这是打开后就再也关不上的魔盒,包裹在层层伪装下,还能摸出棱角。每逢有机会就提醒她,它存在。
它必须得到满足,杀戮发生在谁身上都无所谓,有时她也会因此萌生出自杀冲动。
但现在,林唯一已经想好杀谁了,那个答案毋庸置疑,翻来覆去在她脑海里盘旋了多年。
妈妈会在明天下午五点下班回家。
她照顾了我这么多年,这么关爱我,就杀她吧。
墙上的时钟滴滴答答,等待往往是煎熬的,但她不在乎,除了这件事之外,其他的东西都没有意义。
林唯一等待着,已经想好了要怎么杀死妈妈,她明白自己犯罪后马上就会被抓,也会走向死亡。
但这没有关系,这世上最爱她的人当然值得当她的首杀,如果她不得不选择在这辈子杀一个人,她当然会选妈妈。
那是在她被查到是潜在犯的压抑日子里,在她朝最亲近的人倾诉这种难耐的杀欲后,妈妈哭着求她别做傻事,如果唯一死了自己也会寻短见。她们后来再也没有谈过类似的话题,仿佛只要装作从未发生,它就真的不存在。
如果她被判死刑,把妈妈一个人丢在这个世上太困扰了,她必须看到别人的结局才会心满意足。她们向来都是在一起的,这回也不例外。
杀意和爱意,是冲突的吗。人类会怎么想,非人会怎么想?如果有样本就好了,她可以学习。
但是,在探究杀意之前,爱是什么?
冰冷的思想在她脑子里盘旋,除了这种滚烫的冷意,其他捏造的情绪都消失了,她不再需要它们。
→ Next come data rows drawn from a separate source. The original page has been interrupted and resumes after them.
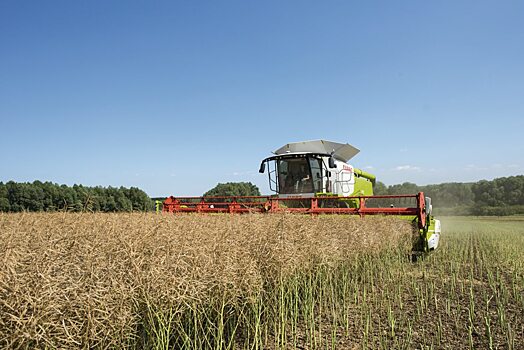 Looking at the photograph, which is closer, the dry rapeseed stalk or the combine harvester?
the dry rapeseed stalk

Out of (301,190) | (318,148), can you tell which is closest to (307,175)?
(301,190)

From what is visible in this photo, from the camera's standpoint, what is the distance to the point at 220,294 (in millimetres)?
3084

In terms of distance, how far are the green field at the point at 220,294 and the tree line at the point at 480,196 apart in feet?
137

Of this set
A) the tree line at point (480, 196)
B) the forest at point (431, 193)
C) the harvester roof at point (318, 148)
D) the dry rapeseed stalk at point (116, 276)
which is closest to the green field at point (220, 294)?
the dry rapeseed stalk at point (116, 276)

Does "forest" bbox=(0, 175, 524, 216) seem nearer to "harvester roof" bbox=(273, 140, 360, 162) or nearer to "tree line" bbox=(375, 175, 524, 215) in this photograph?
"tree line" bbox=(375, 175, 524, 215)

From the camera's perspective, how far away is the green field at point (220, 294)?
2178 millimetres

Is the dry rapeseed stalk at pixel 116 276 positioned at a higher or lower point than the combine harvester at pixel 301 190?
lower

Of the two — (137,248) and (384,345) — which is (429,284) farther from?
(137,248)

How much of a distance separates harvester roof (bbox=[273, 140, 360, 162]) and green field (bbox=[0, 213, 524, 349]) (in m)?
6.67

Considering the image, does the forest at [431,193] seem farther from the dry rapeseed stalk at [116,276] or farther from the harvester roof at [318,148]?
the dry rapeseed stalk at [116,276]

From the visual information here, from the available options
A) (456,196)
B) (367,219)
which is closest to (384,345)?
(367,219)

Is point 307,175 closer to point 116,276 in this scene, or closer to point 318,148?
point 318,148

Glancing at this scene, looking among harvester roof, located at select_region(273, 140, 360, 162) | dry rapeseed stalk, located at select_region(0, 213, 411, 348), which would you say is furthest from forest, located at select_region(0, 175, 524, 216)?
dry rapeseed stalk, located at select_region(0, 213, 411, 348)

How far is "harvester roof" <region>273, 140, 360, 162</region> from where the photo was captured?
12930 millimetres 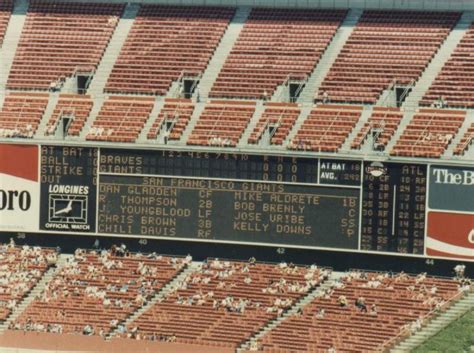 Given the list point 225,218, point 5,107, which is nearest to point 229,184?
point 225,218

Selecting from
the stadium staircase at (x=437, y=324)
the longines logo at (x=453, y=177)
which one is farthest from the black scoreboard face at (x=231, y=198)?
the stadium staircase at (x=437, y=324)

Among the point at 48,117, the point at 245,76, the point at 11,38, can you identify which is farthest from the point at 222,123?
the point at 11,38

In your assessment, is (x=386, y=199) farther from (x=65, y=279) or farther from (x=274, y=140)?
(x=65, y=279)

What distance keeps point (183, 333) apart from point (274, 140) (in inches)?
332

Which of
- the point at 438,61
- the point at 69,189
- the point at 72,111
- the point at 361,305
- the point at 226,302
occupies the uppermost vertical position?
the point at 438,61

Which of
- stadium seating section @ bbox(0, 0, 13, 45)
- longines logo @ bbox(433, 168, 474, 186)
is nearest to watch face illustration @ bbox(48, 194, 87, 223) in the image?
stadium seating section @ bbox(0, 0, 13, 45)

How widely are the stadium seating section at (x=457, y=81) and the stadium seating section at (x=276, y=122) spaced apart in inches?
207

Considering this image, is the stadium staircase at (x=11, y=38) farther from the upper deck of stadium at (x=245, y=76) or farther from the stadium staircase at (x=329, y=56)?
the stadium staircase at (x=329, y=56)

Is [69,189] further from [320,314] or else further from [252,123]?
[320,314]

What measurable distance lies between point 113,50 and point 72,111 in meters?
4.09

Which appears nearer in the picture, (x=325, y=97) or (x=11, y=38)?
(x=325, y=97)

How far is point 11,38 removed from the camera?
8481 centimetres

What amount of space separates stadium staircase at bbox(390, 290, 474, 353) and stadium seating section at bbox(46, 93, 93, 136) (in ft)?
57.3

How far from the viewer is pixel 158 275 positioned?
7612cm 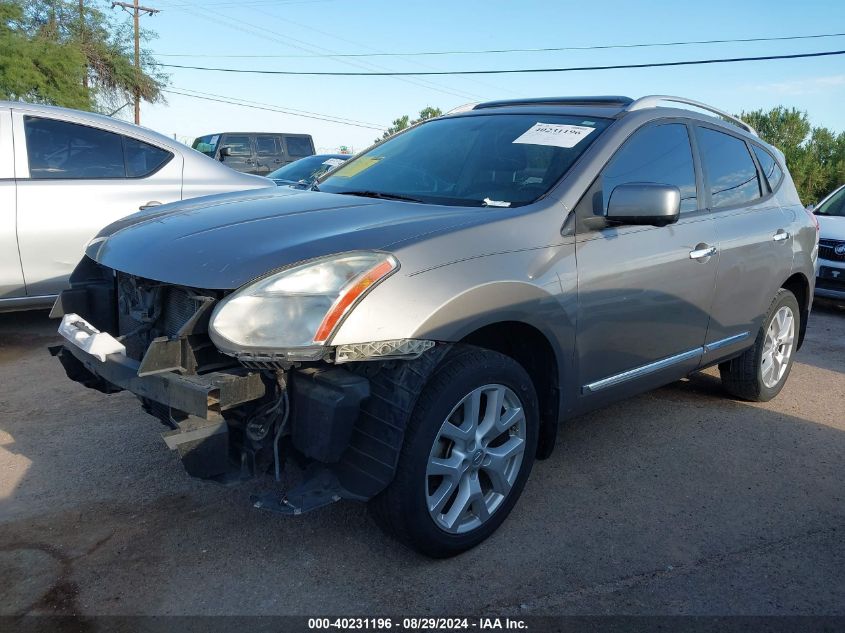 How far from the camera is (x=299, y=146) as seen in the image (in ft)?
57.0

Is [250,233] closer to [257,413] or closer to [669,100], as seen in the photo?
[257,413]

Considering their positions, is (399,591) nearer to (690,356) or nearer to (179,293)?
(179,293)

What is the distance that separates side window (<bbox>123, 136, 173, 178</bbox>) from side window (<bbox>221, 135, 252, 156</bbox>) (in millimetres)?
10795

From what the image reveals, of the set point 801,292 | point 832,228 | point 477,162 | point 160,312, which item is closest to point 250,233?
point 160,312

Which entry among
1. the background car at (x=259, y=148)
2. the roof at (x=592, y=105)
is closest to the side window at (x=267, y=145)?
the background car at (x=259, y=148)

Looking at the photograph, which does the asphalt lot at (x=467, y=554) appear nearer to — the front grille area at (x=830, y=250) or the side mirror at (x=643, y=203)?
the side mirror at (x=643, y=203)

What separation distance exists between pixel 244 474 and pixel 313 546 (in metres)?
0.57

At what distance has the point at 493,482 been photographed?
294cm

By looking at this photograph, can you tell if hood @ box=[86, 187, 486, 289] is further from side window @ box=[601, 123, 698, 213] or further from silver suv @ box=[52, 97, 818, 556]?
side window @ box=[601, 123, 698, 213]

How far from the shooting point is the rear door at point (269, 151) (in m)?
16.7

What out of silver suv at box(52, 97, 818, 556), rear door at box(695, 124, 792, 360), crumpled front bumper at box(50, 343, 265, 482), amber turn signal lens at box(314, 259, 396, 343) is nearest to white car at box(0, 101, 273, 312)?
silver suv at box(52, 97, 818, 556)

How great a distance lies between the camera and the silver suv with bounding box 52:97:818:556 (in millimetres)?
2406

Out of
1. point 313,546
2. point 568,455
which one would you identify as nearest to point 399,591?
point 313,546

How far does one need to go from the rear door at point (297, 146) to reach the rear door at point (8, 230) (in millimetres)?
12053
林唯一握着厨刀,站在玄关和客厅的交界处盯着时间,这种欲望高于一切,她不疲惫,她不饥饿,她不悲伤。
下午四点,还有一个小时。
等柳敏下班回来,她就去帮忙拿包,等妈妈靠近她,她就下手。
如果天眼系统没有立刻派人来抓她,她也许可以再多杀几个人,这样比较值当。
对门邻居应该可以,可是五点钟他们回家了吗?
还是换好衣服往楼下走的时候,遇到谁就选谁?
计划还未成型,门铃就叮咚响了。
林唯一的眼睛瞄向大门,也许柳敏提前回来了?
她握着刀走向门口,虽知道有可视门铃,但她懒得去用,她只有一个愿望,不想做多余的事情。
手摸到门把,向下压去。
如果外面是个路人或者推销员,如果他看起来是个中年人,就杀掉吧。林唯一想着,打开了门。
外面是个绝对不应该在这种时候,出现在这种地方的人。
穿着道袍,还背着桃木剑的小年轻朝她挥挥手,欢快而郑重地自我介绍道,“你好,在下叶一鹤,是抓鬼的。”
自我介绍完,这位年轻人终于看到林唯一的阴鸷神情,还有她手里拿着的刀。
他嘴角抽了抽,僵硬地举起双手。
“姐,姐,我没有恶意,咱有话好说,老总让我来的。”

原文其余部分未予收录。